Multi-cultural Manchester launches on the 26th of June with Sufiya Ahmed returning to talk about human rights issues with teenagers.

Olive tree MMU

On the Family Fun Day (28th June) Sarah McIntyre and Philip Reeve will judge a seawig parade (no, I don’t know what that is, either), they expect you to make sea monkeys (instructions on Sarah’s website), and there will be countless other fun things to do. It’s an all day thing, intended to tire you out.

Sunday 29th offers entertainment at various venues belonging to the festival sponsors; Royal Exchange Theatre, National Football Museum, Waterstones and Ordsall Hall.

On the Monday Guy Bass is back, and newbie Kate Pankhurst is bringing her detective Mariella Mystery. (I think I was told that Kate is getting married before her event and then going off on honeymoon immediately after. That’s dedication, that is.)

Justin Somper will buckle some swash on Tuesday 1st July, and the Poet Laureate is handing out poetry competition prizes, while on the Wednesday Andrew Cope (whom I missed last time) will talk about being brilliant, as well as doing an event featuring his Spy Dogs and Spy Pups. And as if that’s not enough cause for celebration, that Steve Cole is back again. It will be all about me, as he is going to talk about stinking aliens and a secret agent mummy.

Farmyard Footie and Toddler Tales on Thursday 3rd July, ending with a great evening offering both Liz Kessler and Ali Sparkes. (How to choose? Or how to get really fast between two venues?) David Almond will make his mcbf debut on Friday night, which is cause for considerable excitement.

And on the Saturday, oh the Saturday, there is lots. Various things early on, followed by vintage afternoon tea (whatever that means) at the Midland Hotel in the company of Cathy Cassidy! After which you will have to run like crazy back to MMU where they will have made the atrium into a theatre for a performance of Private Peaceful: The Concert, with Michael Morpurgo, who is mcbf patron, and acappella trio Cope, Boyes & Simpson.

If you thought that was it, then I have to break it to you that Darren Shan will be doing zombie stuff in the basement on the Saturday evening. Darkness and a high body-count has been guaranteed.

Willy Wonka – the real one – is on at Cornerhouse on Sunday, followed by a brussel sprout ice cream workshop, or some such thing. Meanwhile, Tom Palmer will be in two places at the same time (I was promised this until they decided he’d be in two places one after the other), talking about the famous football match in WWI. There will also be a Twitter football final.

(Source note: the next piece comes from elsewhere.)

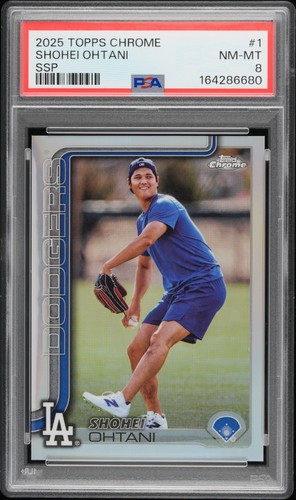 2025 TOPPS CHROME SSP #1 SHOHEI OHTANI PSA 8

What I’m most looking forward to, however, is the Carol Ann Duffy and John Sampson festival finale, with afternoon tea and a quiz at the MacDonald Townhouse Hotel. (And it had better be at least as chaotic as the one in 2010 where James’s mother was disqualified, and I probably should have been.)

You should be able to book tickets from today, and doing it today might be a good idea. Just in case it sells out. Which would be good (for them), but also a shame (for you).

For some obscure, but very kind, reason they have put my name on the last page. 14 rows beneath Carol Ann Duffy, but only two away from Michael Morpurgo. And I didn’t even give them any money.

MMU

All I want now is a complimentary hotel room for the duration. And a sofa from the atrium area to take home.